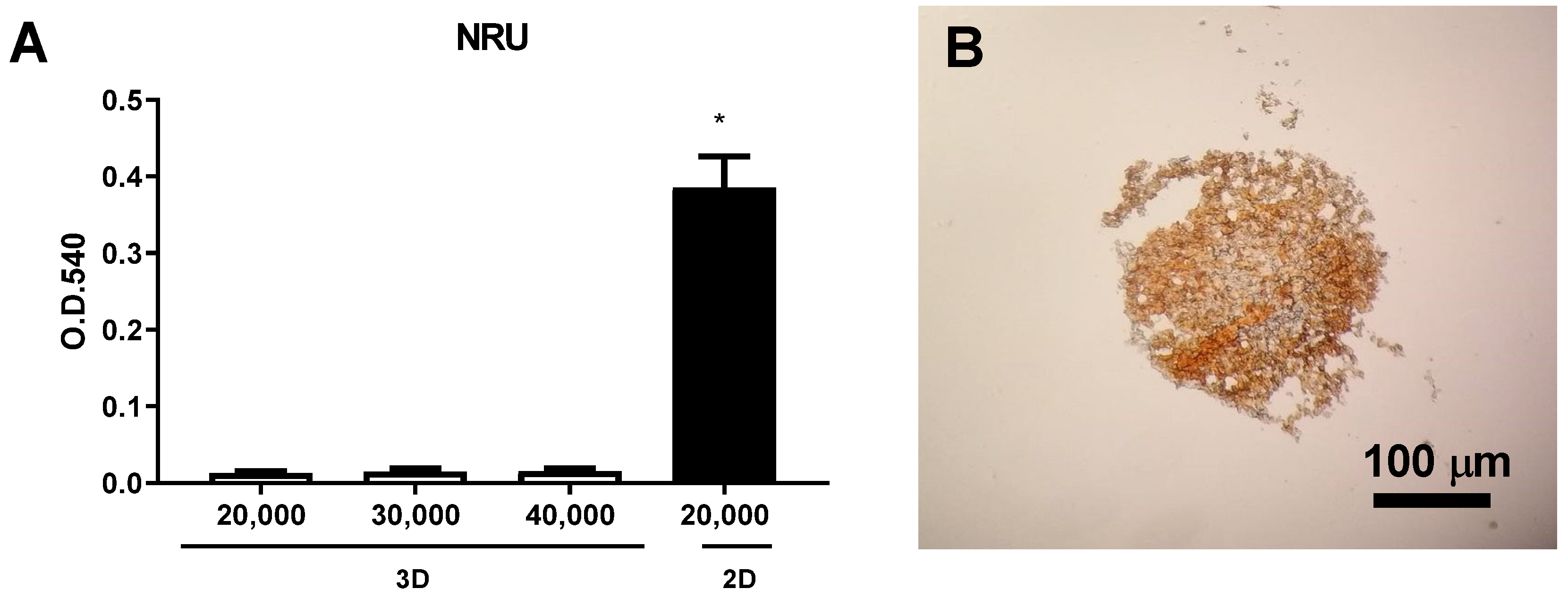Applsci 13 01602 g007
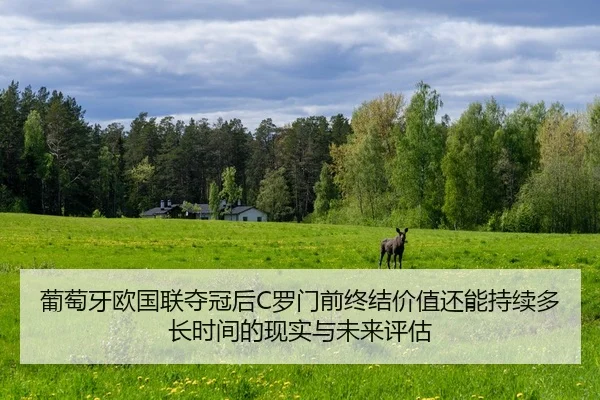 葡萄牙欧国联夺冠后C罗门前终结价值还能持续多长时间的现实与未来评估
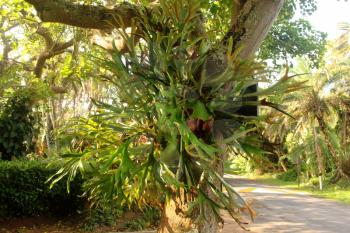 Picture of an Invasive Parasite Plant on Large Tree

What to work on:
Could each line of the data be written out exactly, with no pictures included?

Solution:
Applsci 13 01602 g007
 葡萄牙欧国联夺冠后C罗门前终结价值还能持续多长时间的现实与未来评估
 Picture of an Invasive Parasite Plant on Large Tree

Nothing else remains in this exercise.